### DATA SHOWN
____________________
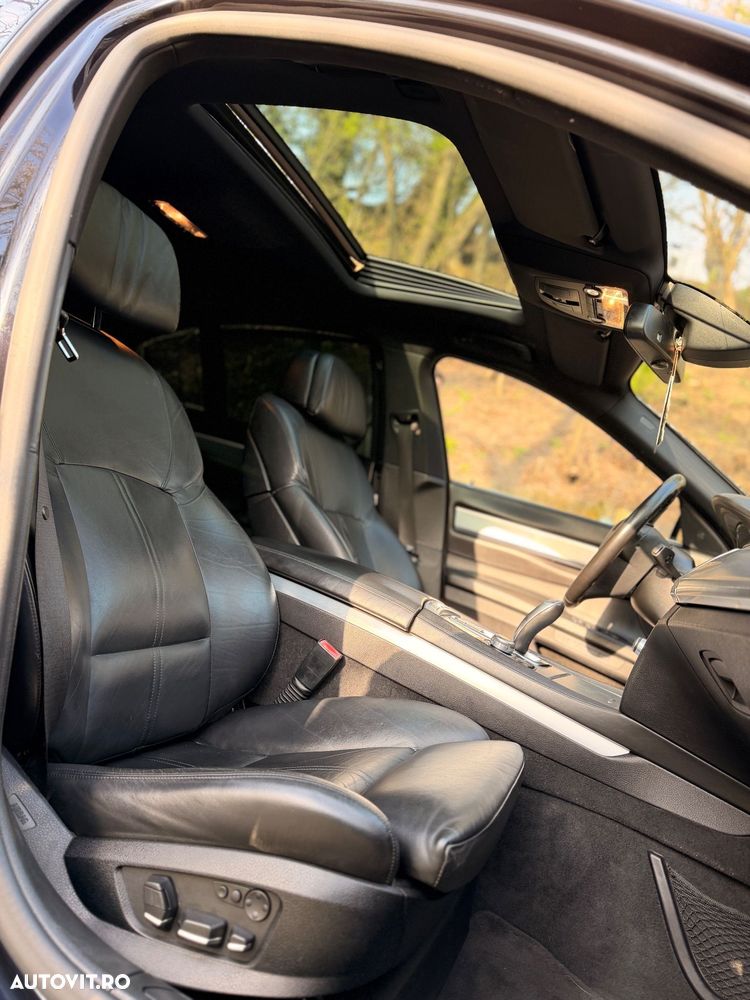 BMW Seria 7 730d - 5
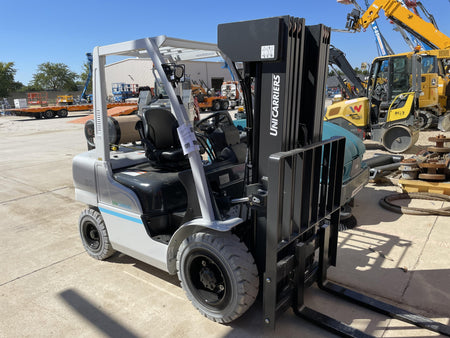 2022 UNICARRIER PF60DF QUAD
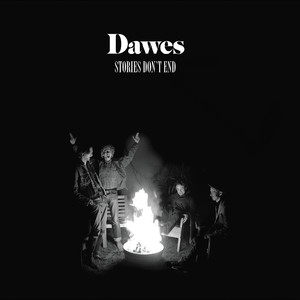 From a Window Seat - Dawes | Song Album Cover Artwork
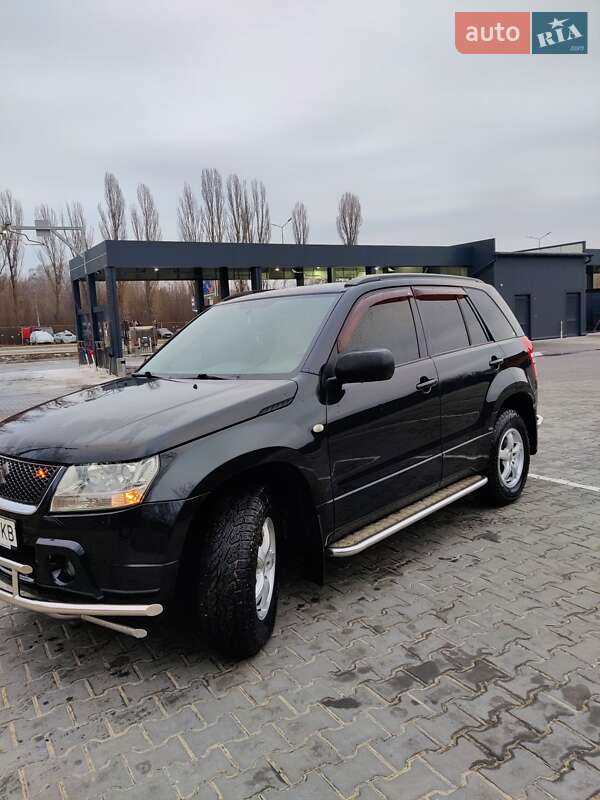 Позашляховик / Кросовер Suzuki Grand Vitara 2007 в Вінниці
____________________
### WHAT THIS TASK INVOLVES
Reproduce the data verbatim and omit each image.

### TASK RESPONSE
 BMW Seria 7 730d - 5
 2022 UNICARRIER PF60DF QUAD
 From a Window Seat - Dawes | Song Album Cover Artwork
 Позашляховик / Кросовер Suzuki Grand Vitara 2007 в Вінниці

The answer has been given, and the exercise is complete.